Des réseaux se sont créés dans la dernière décennie, comme par exemple le réseau francophone international d'échange favorisant la création et la diffusion d'outils et de contenus liés aux TIC en alphabétisation d'adultes, des projets ont fleuri (pour un exemple intéressant de projet voir le projet "je parle donc j'écris" ou la présentation de divers projets sur le site Internet de rue). Un projet a retenu mon attention, le Programme d’éducation non formelle à l’aide des TIC: Cinq centres d’apprentissage communautaires participent au projet « Programmes d’éducation non formelle à l’aide des TIC ». Ce programme est soutenu par l’Unesco. Il vise à permettre l’alphabétisation des populations à l’aide des TIC. Les centres proposent des ateliers d’alphabétisation où les participants apprennent à l’aide de CD-ROM à lire et à écrire dans leur langue. On utilise les TIC et le multimédia pour éveiller l’intérêt des apprenants et améliorer l’éducation non formelle. Les cours sont, en effet, radicalement différents des cours d’alphabétisation traditionnellement dispensés dans d’autres centres d’apprentissage en Inde. Au lieu d’utiliser les manuels d’alphabétisation classiques – dont le contenu correspond rarement aux besoins des apprenants – le cours repose sur la création de contenu local. Les participants ont ainsi pu concevoir un contenu pédagogique personnalisé à l’aide d’une caméra numérique et d’autres technologies de l’information et de la communication. L’approche personnalisée renforce l’efficacité du processus d’apprentissage et motive l’apprenant. Le programme s’adresse à des personnes de tous âges. Le programme ne se limite pas à l’alphabétisation. Il s’agit d’un ensemble intégré de projets dont le point commun est de promouvoir l’utilisation des TIC pour améliorer la portée et la qualité de l’apprentissage et de la formation dans tous les contextes éducatifs. Les cinq centres indiens travaillent actuellement avec l’UNESCO au développement de stratégies de développement durable dans les villages. Le plus gros des dépenses du programme est destiné à l’acquisition de caméras numériques et d’ordinateurs équipés de modem, téléphone, imprimante, logiciels et écran tactile.
Il ressort à la lecture de ce projet que les mêmes ingrédients que ceux que nous connaissons dans nos classes québécoises sont les élèments gagnants pour un apprentissage réussi: partir de l'intérêt de l'apprenant, d'un contexte signifiant, adapté à ses connaissances antérieures et son vécu.

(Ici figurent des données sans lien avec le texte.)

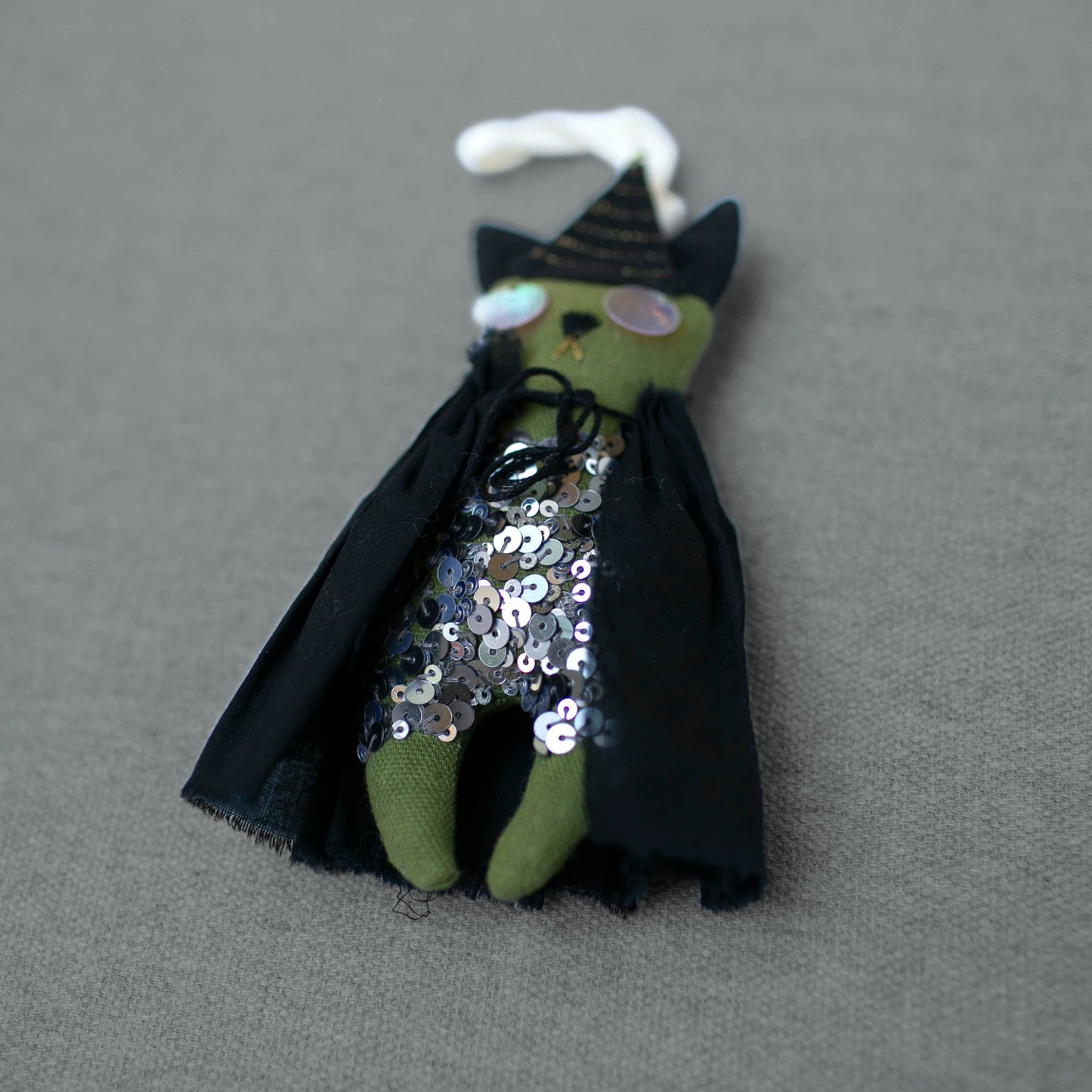 Embellished & Embroidered Wicked Witch Ornament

Il ressort aussi des lectures sur les expériences d'intégration des TIC dans le domaine de l'alphabétisation que les TIC peuvent être très utiles à la production de matériels d’apprentissage adaptés au contexte local ; qu’il est à la fois facile et très stimulant pour les apprenants de se former au matériel ; et que les centres d’accès aux TIC sont d’autant plus viables que leur gestion est confiée aux communautés locales et qu’ils sont utilisés par d’autres agences communautaires (cf. rapport final du Projet Alphabétisation du COL (COLLIT).

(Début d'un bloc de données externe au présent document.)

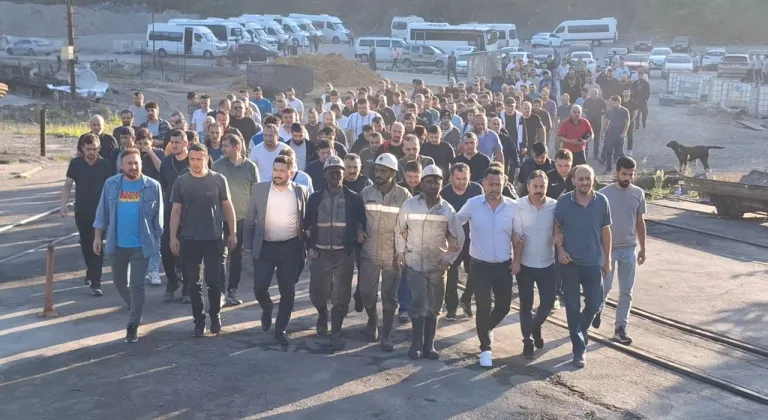 TTK ve MTA’DA eylemler başladı: ‘İşçi hakkını istiyor’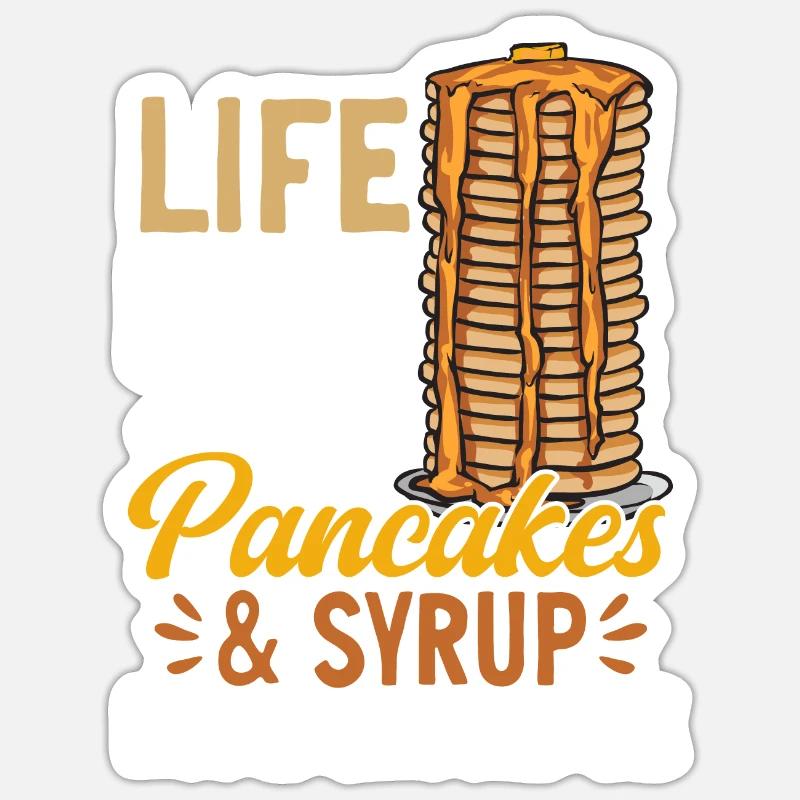 Pancake Breakfast Pancakes - Sticker size S (10 x 10 cm) - white matte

En guise de conclusion, j'aimerais reprendre ici les recommandations du Conseil canadien sur l'apprentissage (dans la recherche fort intéressante: L’intégration des TIC en alphabétisation communautaire au Québec par Sharon Hackett), qui souligne que le virage informatique dans les organismes d'alphabétisation a été effectué à peu près partout, et que la motivation semble évidente puisque ne pas apprendre à utiliser un ordinateur équivaudrait à faire perdurer l’un des facteurs d’exclusion des adultes faiblement scolarisés. Les recommandations principales sont de prévoir de former réguliérement les formateurs, et de renforcer ou instituer une collaboration plus poussée avec d'autres réseaux d'alphabétisation.
... l'alphabétisation ne va pas sans les TIC ! C'est certain !
Pour un approndissement du sujet, consulter le site "Internet de rue" (ATD-Quart Monde) mettant en ligne de nombreux articles sur la problèmatique de la fracture numérique tant dans les pays en développement que dans les pays développés. Un exemple parmi tant d'autres d'intégration des TIC en alphabétisation au Québec: Ludolettre.